Было бы, впрочем, большой ошибкой думать, что Сунь-цзы, как «человек действия», интересуется только техническими средствами, а не «истинно сущим». Поистине, нет ничего практичнее хорошей теории. Сунь-цзы не создал бы канона, если бы, подобно всем великим учителям Китая, не искал точку соединения действия и знания. Он ищет в разнообразных «формах» войны матрицу (виртуальную) реальности. Возвращая читателя к конкретной и текучей природе существования, или, лучше сказать, к самоочевидности чистой практики, книга Сунь-цзы учит понимать, что такое реальное действие и, следовательно, действие всегда своевременное. Без ложной скромности он утверждает, что может научить каждого, как победить в любом противоборстве.

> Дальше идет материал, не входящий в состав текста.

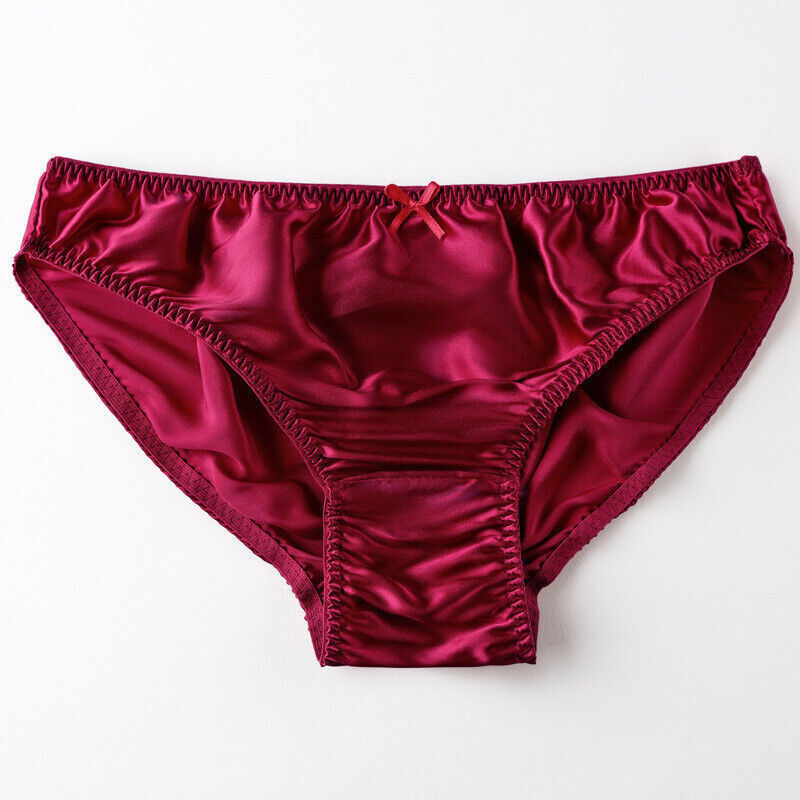 Underwear Sexy Shiny Solid Comfy Soft Satin Thongs Briefs Women Silk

Дух есть быт – вот истина, о которой возвещает всякий канон, достойный своего имени. Того, кто сделал свою жизнь отпечатком духовного ведения и потому не просто совершает правильные поступки, но всегда поступает правильно, принято называть мудрецом. Быть мудрым – значит не отделять слова от дела, не отрывать мысль от существования. Мудрость – это плод человеческой жизни, который, в отличие от отвлеченного знания, растет и вызревает во времени, она есть знание уникальных и потому непреходящих качеств момента. Только мудрое слово может быть словом каноническим, ибо оно выявляет вечносущее в его конкретности, или, говоря словами Вэй Юаня, «неизменность перемен». Непреходящее в переменах и есть то, что воистину действенно во всех действиях.

Мы должны сделать следующий шаг и сказать, что каноническое слово – это не просто слово-дело, но слово-действенность, слово-событие. Это слово, которое, преодолевая самое себя, ставя себе предел именно в своем качестве «словесности», кристаллизируется в афоризмах и сентенциях, из коих и состоят главные китайские каноны: «Книга Перемен», «Беседы и суждения» Конфуция, «Книга о Пути и Совершенстве» Лао-цзы. Афоризм – это язык предельности существования, [3] он сам себе устанавливает границу (о чем и напоминает греческая этимология этого слова), увлекает речь в бездну безмолвия, исходит в изначальный жест бытия, предваряющий всякую речь. Афоризм свидетельствует о том, что каждое слово – лишнее; он возвращает к общепонятному, но отнюдь не общеизвестному, ибо известны только словесные истины, чистая же практика жизни никому не известна, но интимно внятна всем. Речь идет о языке, который предъявляет читателю, повторим еще раз, событие, а предел всякого события – это сама событийность вещей, совместность различных моментов существования.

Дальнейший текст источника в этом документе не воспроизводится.